> [DATA FOR REVIEW]
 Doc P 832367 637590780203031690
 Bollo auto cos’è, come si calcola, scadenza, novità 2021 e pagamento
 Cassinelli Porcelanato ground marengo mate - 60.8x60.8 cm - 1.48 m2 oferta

==

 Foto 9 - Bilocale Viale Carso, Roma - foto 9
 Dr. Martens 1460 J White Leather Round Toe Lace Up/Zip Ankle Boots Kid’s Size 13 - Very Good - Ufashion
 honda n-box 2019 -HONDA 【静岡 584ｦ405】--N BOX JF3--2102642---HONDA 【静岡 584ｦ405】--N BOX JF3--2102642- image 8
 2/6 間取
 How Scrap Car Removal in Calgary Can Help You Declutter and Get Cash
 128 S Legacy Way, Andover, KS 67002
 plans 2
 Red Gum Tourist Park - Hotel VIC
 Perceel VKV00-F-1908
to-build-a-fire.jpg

...

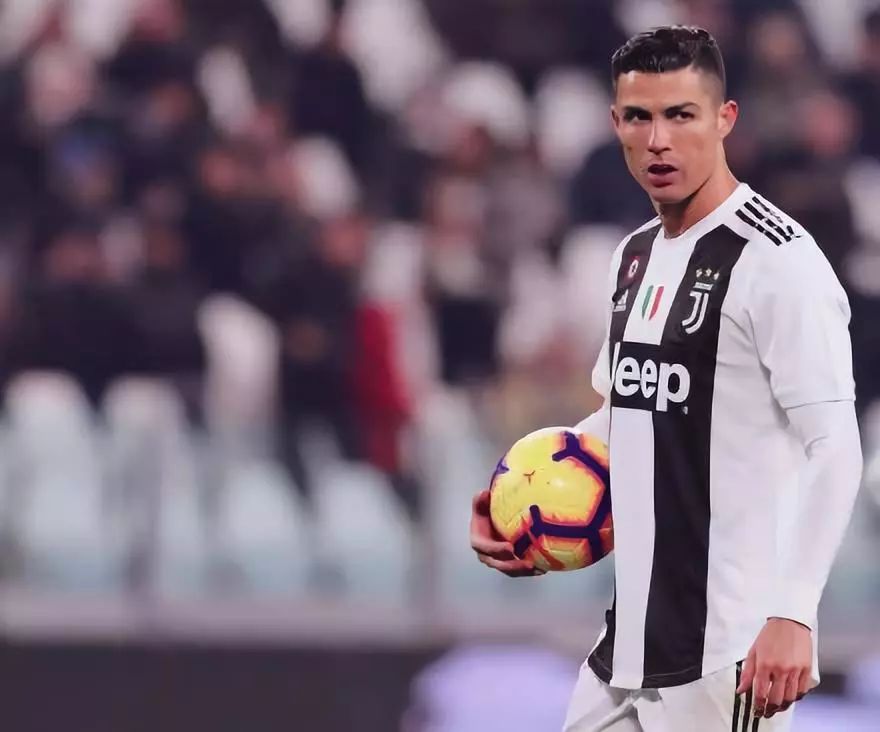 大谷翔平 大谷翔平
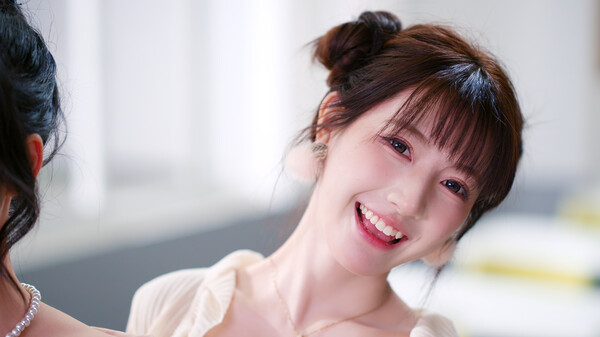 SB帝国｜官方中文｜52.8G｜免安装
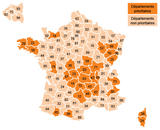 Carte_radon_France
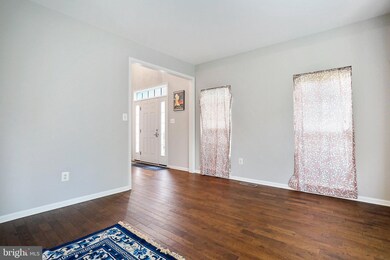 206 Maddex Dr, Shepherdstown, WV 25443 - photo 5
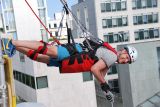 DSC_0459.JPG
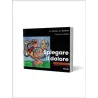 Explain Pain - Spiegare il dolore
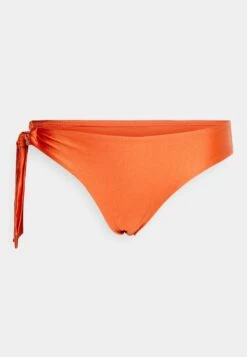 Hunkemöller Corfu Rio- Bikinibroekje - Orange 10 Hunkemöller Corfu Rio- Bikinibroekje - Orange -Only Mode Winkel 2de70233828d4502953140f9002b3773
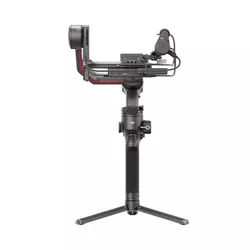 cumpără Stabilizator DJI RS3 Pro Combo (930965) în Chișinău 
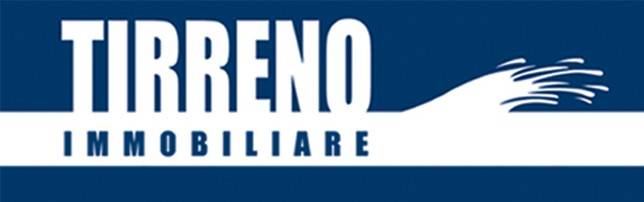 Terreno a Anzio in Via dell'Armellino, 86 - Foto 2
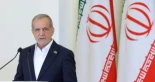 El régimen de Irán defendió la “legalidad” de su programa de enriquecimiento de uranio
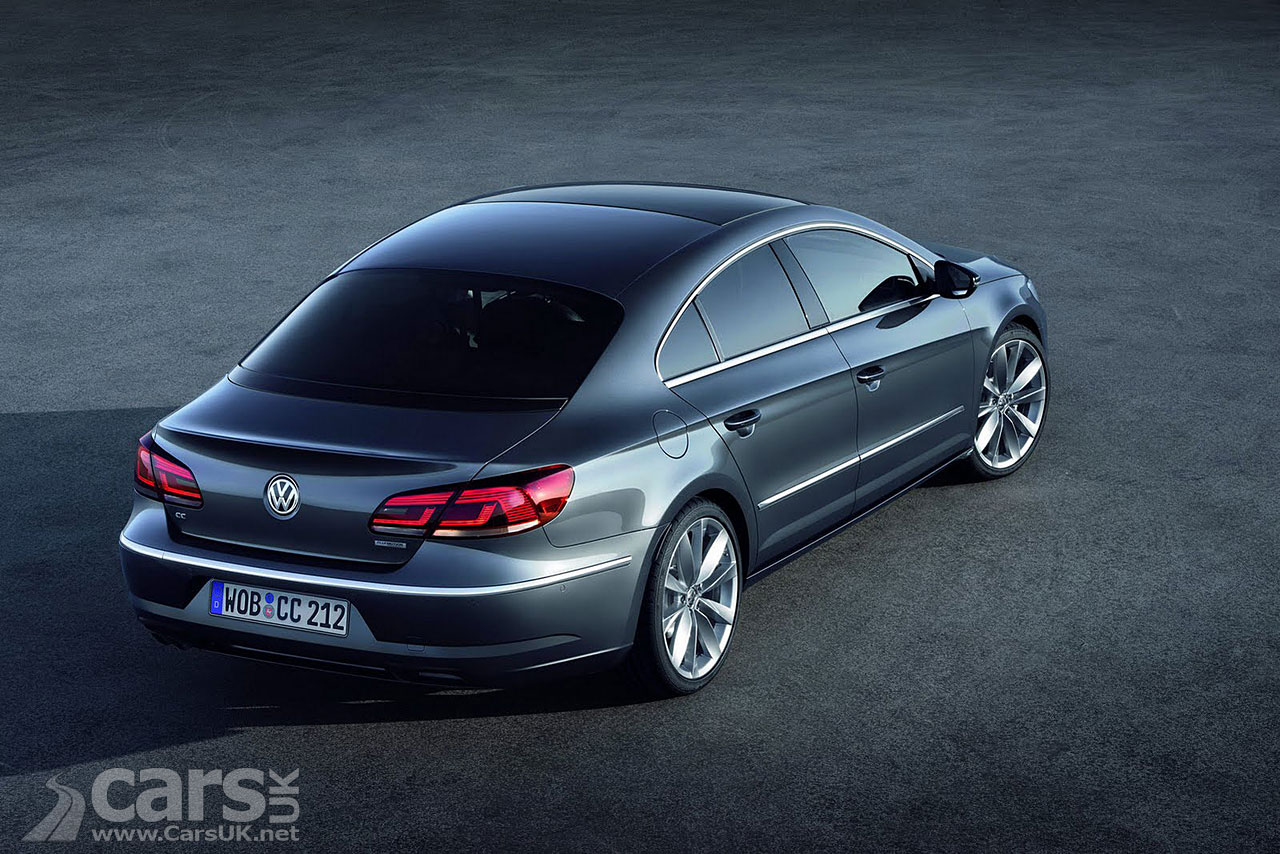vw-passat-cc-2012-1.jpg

> [EXERCISE] What are the lines above, starting at the one with "Foto 9 - Bilocale Viale Carso, Roma - foto 9" and ending at the one with "to-build-a-fire.jpg"? Give them again exactly, and only them.

> [WORKED SOLUTION]
 Foto 9 - Bilocale Viale Carso, Roma - foto 9
 Dr. Martens 1460 J White Leather Round Toe Lace Up/Zip Ankle Boots Kid’s Size 13 - Very Good - Ufashion
 honda n-box 2019 -HONDA 【静岡 584ｦ405】--N BOX JF3--2102642---HONDA 【静岡 584ｦ405】--N BOX JF3--2102642- image 8
 2/6 間取
 How Scrap Car Removal in Calgary Can Help You Declutter and Get Cash
 128 S Legacy Way, Andover, KS 67002
 plans 2
 Red Gum Tourist Park - Hotel VIC
 Perceel VKV00-F-1908
to-build-a-fire.jpg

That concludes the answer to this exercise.